We found Carl sitting in a desolate room, at a particle board-and-veneer table with a half-empty cup of cold coffee in front of him. Despite the fancy new police headquarters, it was well known among employees and regular visitors to the police station that one area the new facilities had failed to address was the abysmal quality of the coffee provided. It was even worse than the brew found in teacher faculty lounges in public schools. Carl had wisely given up drinking the police department standard issue swill.
“Winston!” Carl jumped to his feet, suddenly reinvigorated when I entered the room.
“Hi, Carl,” I responded. “How are you doing?”
“I’m okay, I guess,” he replied. He seemed happy to see me, which was understandable. Somehow my students haven’t yet begun to feel quite the same way.
“Good.” I turned to face the two detectives. “So what’s the story, Detectives? Are you going to lay a charge, or do we go home?”
“We still have nearly twenty-three hours, you know that,” Smythe gently reminded me. Under Canadian law, Furlo and Smythe could detain Carl for twenty-four hours without laying a charge. At that point, he would need to be charged with a crime or released.
“If you think you have enough evidence to charge him, what are you waiting for? I have class in the morning.” Sometimes being brash and up front was the best defence.
“Why don’t you ask your client how his fingerprints got onto Tricia Bellamy?” Furlo challenged.
“I told you,” Carl began.
“Carl! Just wait a moment,” I admonished him. “Exactly where were the fingerprints found?”
“Where?” Furlo asked.
“Yes, where. Where on the body were my client’s prints allegedly found?” Carl visibly flinched as I began referring to Tricia as “the body.” It couldn’t be helped. It was important to distance myself from the victim if I was going to mount a decent defence to what was looking like a stronger case.

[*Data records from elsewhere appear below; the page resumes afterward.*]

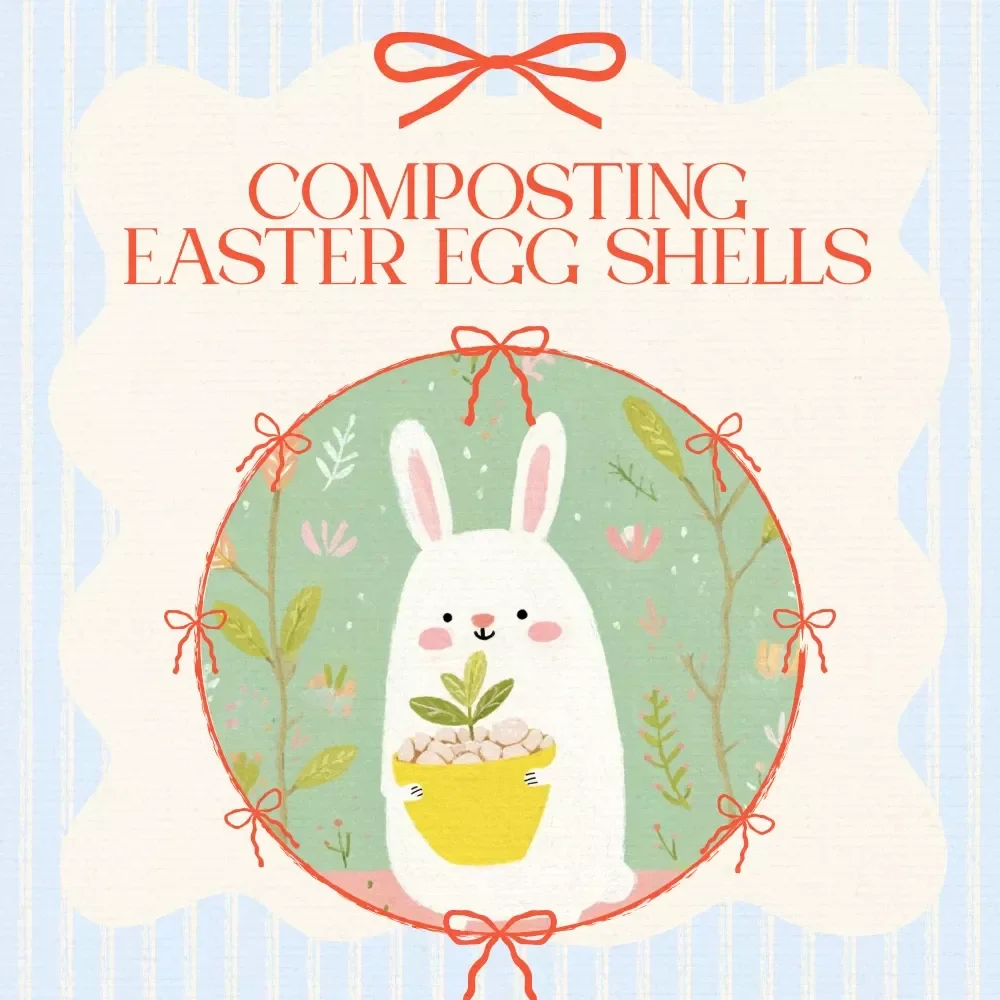 Composting Easter Egg Shells Checklist – How to Compost Easter Egg Shells Printable Guide for Eco-Friendly Gardening & Spring Sustainability — video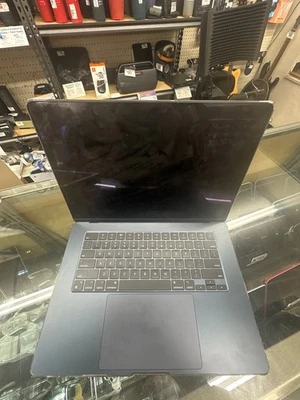 2022 Apple MacBook Air 15" Retina M2 3.49GHz 8GB RAM 256GB SSD A2941 Midnight  4 - Image 1 of 2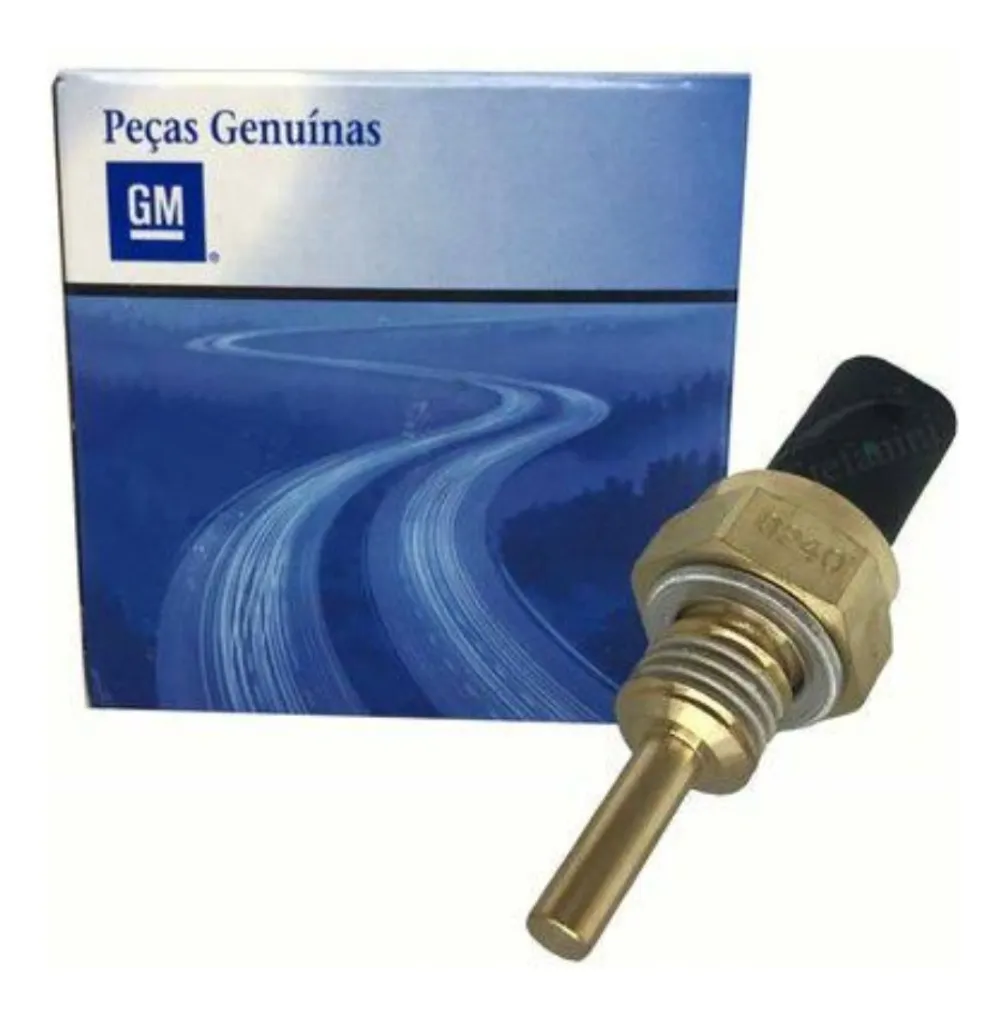 Sensor de temperatura del motor giratorio original Onix Prisma Cobalt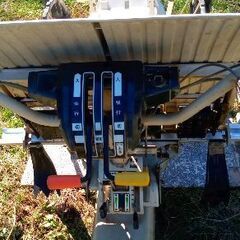 三菱歩行式2条植え田植機　MP26　マイレディの画像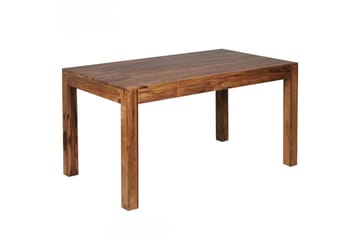 Spisebord Wohnling Massivt treverk landlig hus stil Rosentre, 160x80 cm - Rosentre, 160x80 cm - Møbler - Bord - Spisebord & kjøkkenbord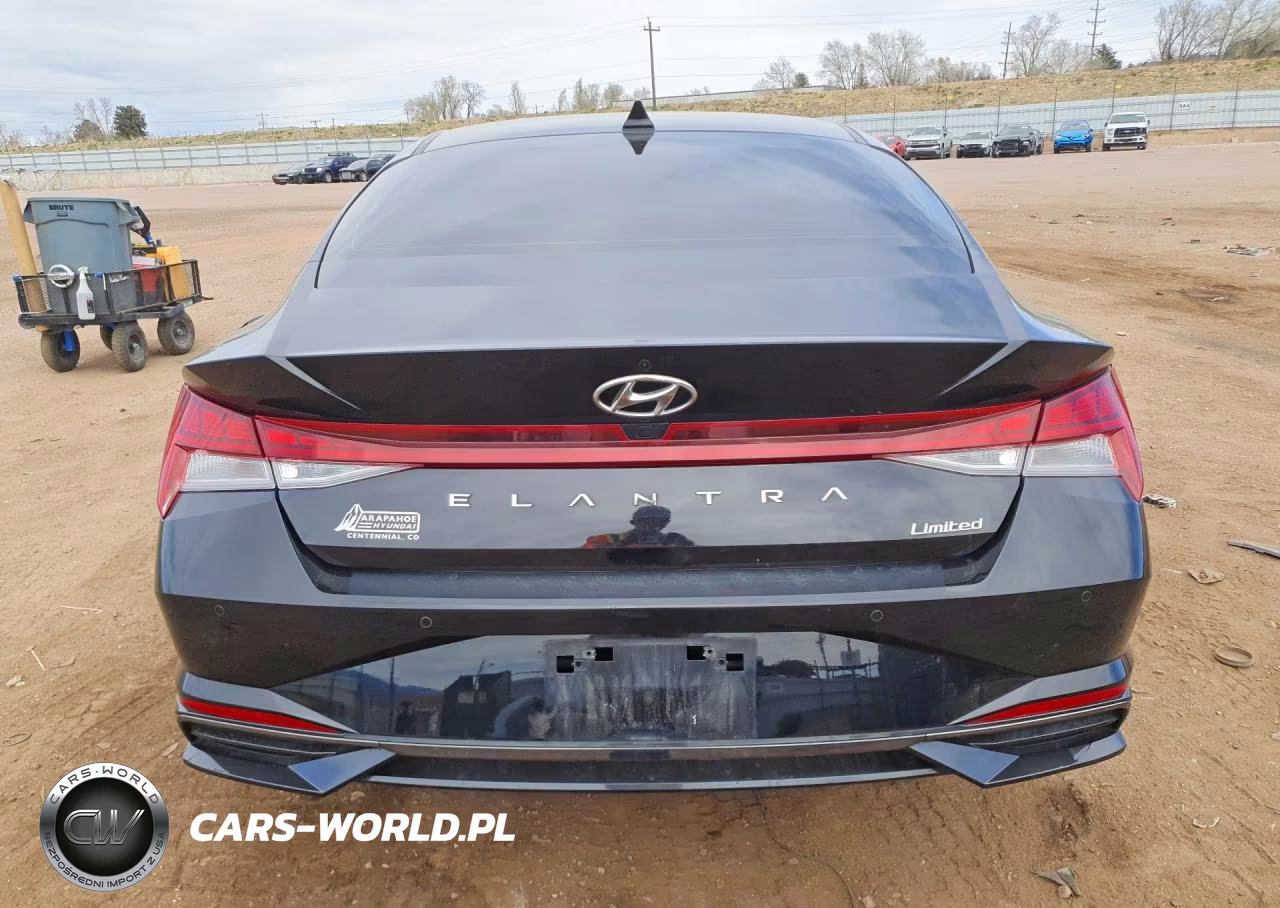 2023 Hyundai Elantra Limited VIN:KMHLP4AG4PU371575 - 6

“Your client’s prints were found on the victim’s watch and a partial print that looks very close to your client’s was also found on both of the victim’s hands,” Smythe responded to my question.

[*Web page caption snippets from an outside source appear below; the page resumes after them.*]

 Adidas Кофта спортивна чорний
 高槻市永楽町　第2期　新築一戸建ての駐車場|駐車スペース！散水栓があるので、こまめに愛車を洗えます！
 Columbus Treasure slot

“That’s it?” I tried to sound confident. Homicide wasn’t my specialty.
“What more do you need?” Furlo sneered.
“Well, for starters, I understand Tricia Bellamy was strangled. How about fingerprints around her neck? Find any of those?” Carl was visibly paling by the syllable.

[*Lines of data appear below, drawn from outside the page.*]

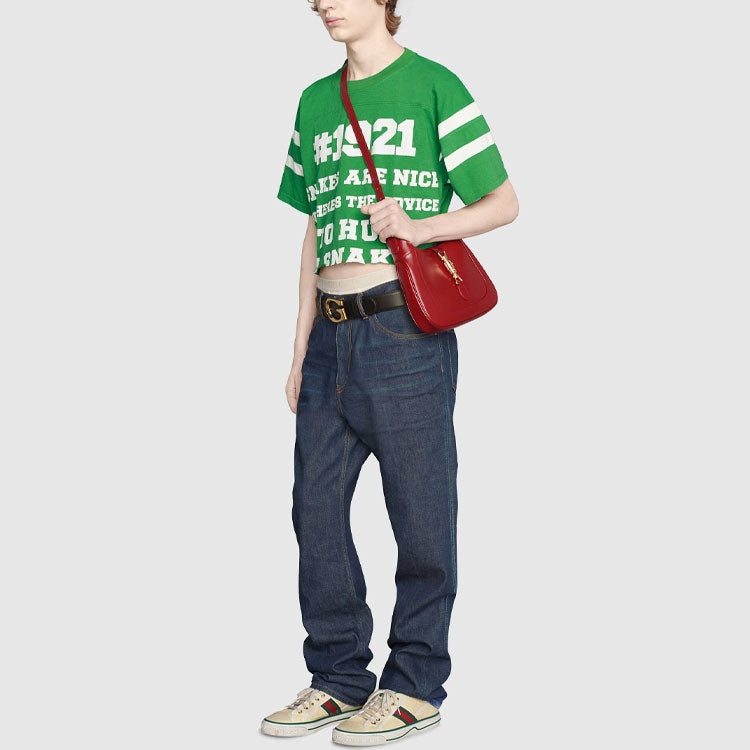 GUCCI Men's Gucci SS21 1921 Series Alphabet Numeric Printing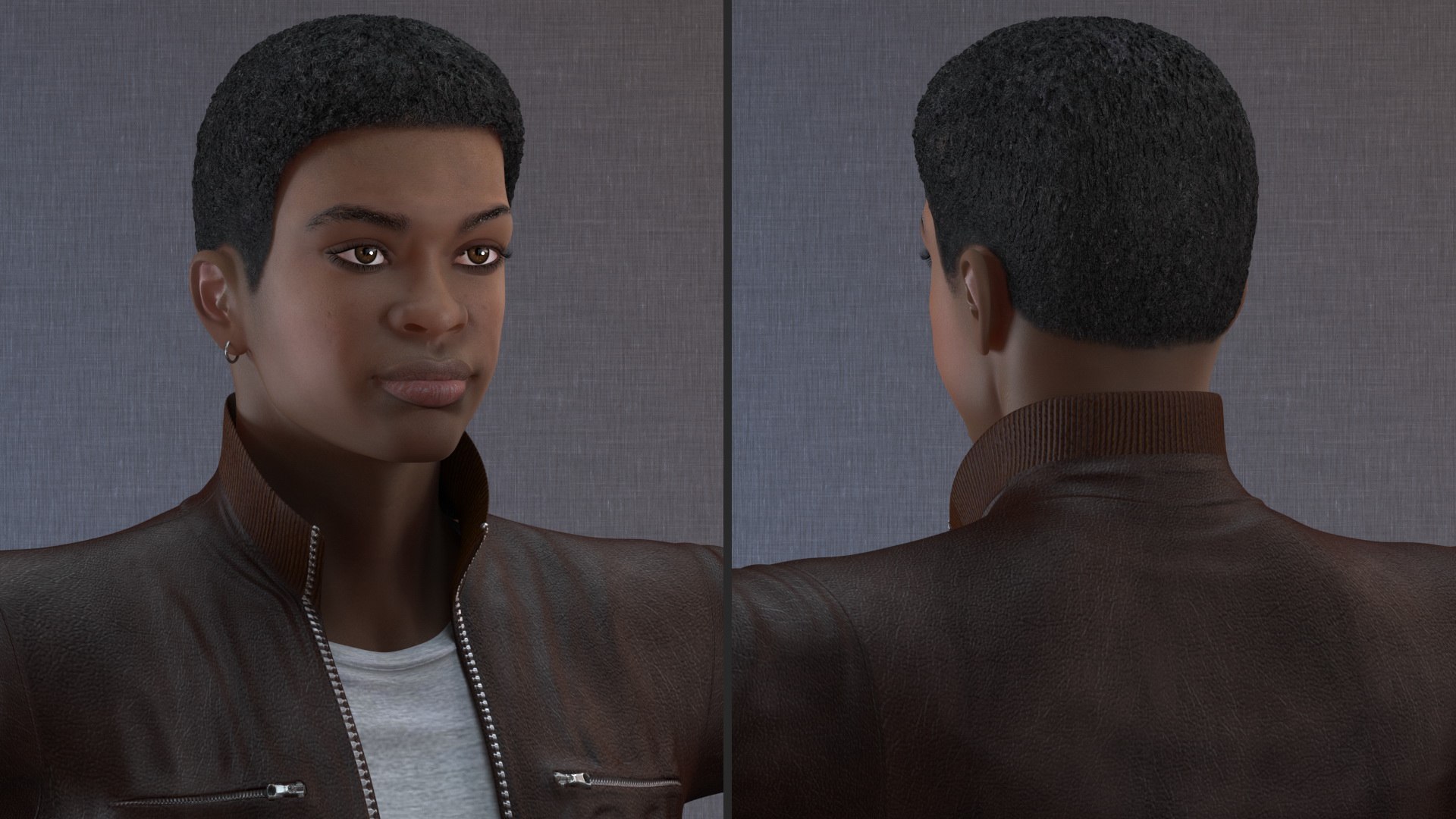 3D Teenager Dark Skin Street Outfit Rigged for Modo model https://p.turbosquid.com/ts-thumb/cU/MELNy3/Vg/teenagerdarkskinstreetoutfitrigged3dmodel015/jpg/1621594273/1920x1080/fit_q87/c2eaf6b6555601d4f91fcc4006edd28366ed70cf/teenagerdarkskinstreetoutfitrigged3dmodel015.jpg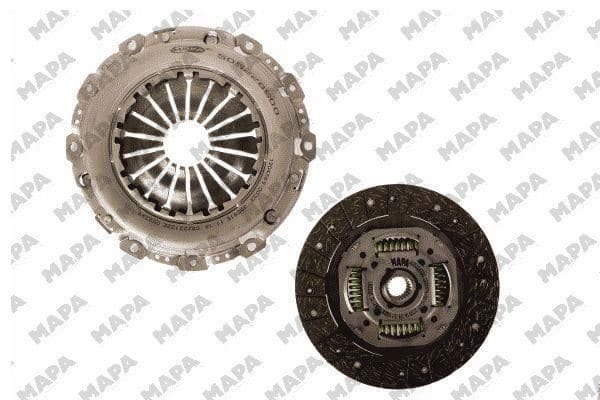 MAPA DEBRIYAJ SETI FOCUS I 2.0 16V EFI 98 05 RULMANSIZ OEM: XS417540C1B-1078351-1303758-1423916 - MAPA 004228209 kodlu oto yedek parça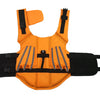 Adjustable Dog Life Jacket with Rescue Handle and High Buoyancy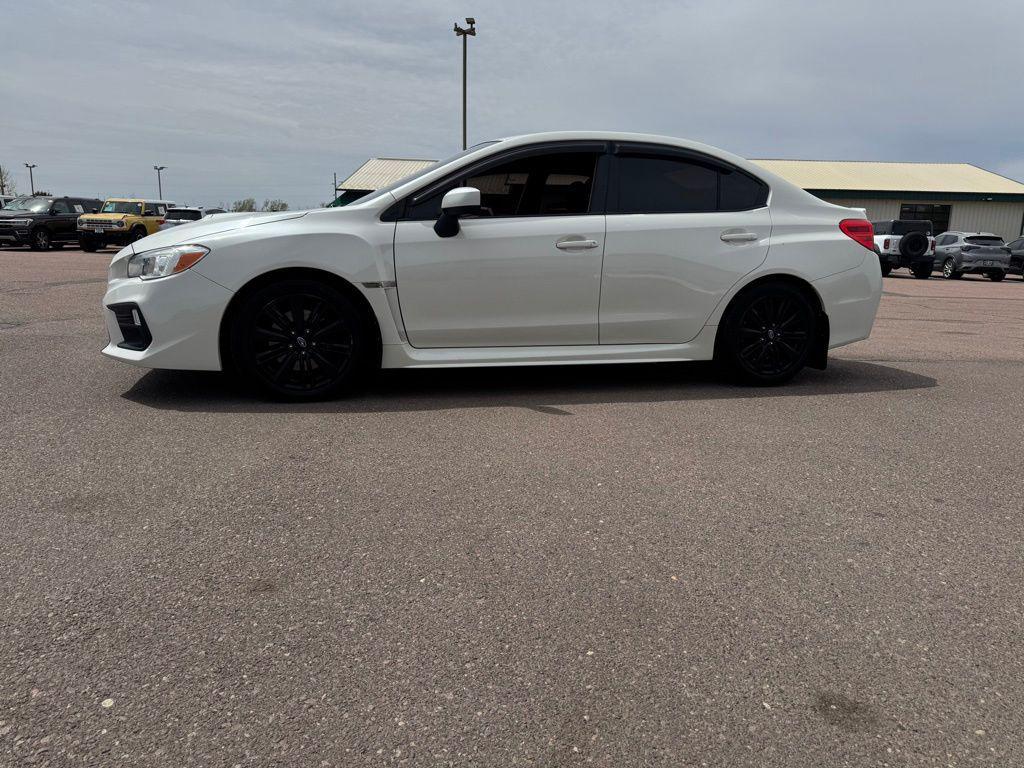 used 2018 Subaru WRX car, priced at $21,202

“No,” Smythe admitted, “we did not.”
“Ever heard of gloves, Counsellor? I refer you to U.S. v. O.J. Simpson,” Furlo quipped.
“I’ve heard of it, yes. Though it was a state, not a federal case, which makes it State of California v. Simpson. Your point being that you found no prints whatsoever on the victim’s neck?”
“That’s correct,” Smythe returned. “At this point, no prints of any kind, even partials, have been found directly on the victim’s neck.”
I turned to face Furlo, since he was the more aggressive of the two. I couldn’t even get a rise out of Smythe, which meant the likelihood of flustering her into a mistake was much less than with Furlo. “I suppose you have a scientific theory about the prevalence of prints located anywhere except on the one part of the body where death would have been caused?”
“Yeah, smartass, he put the gloves on so he could strangle her without leaving prints.”
“And the victim stood there calmly watching her assailant putting gloves on so she could be strangled? This is what you’ve got?”
“Or maybe, he felt remorse after he offed her, and while weeping over her body, removed his gloves to wipe his eyes.”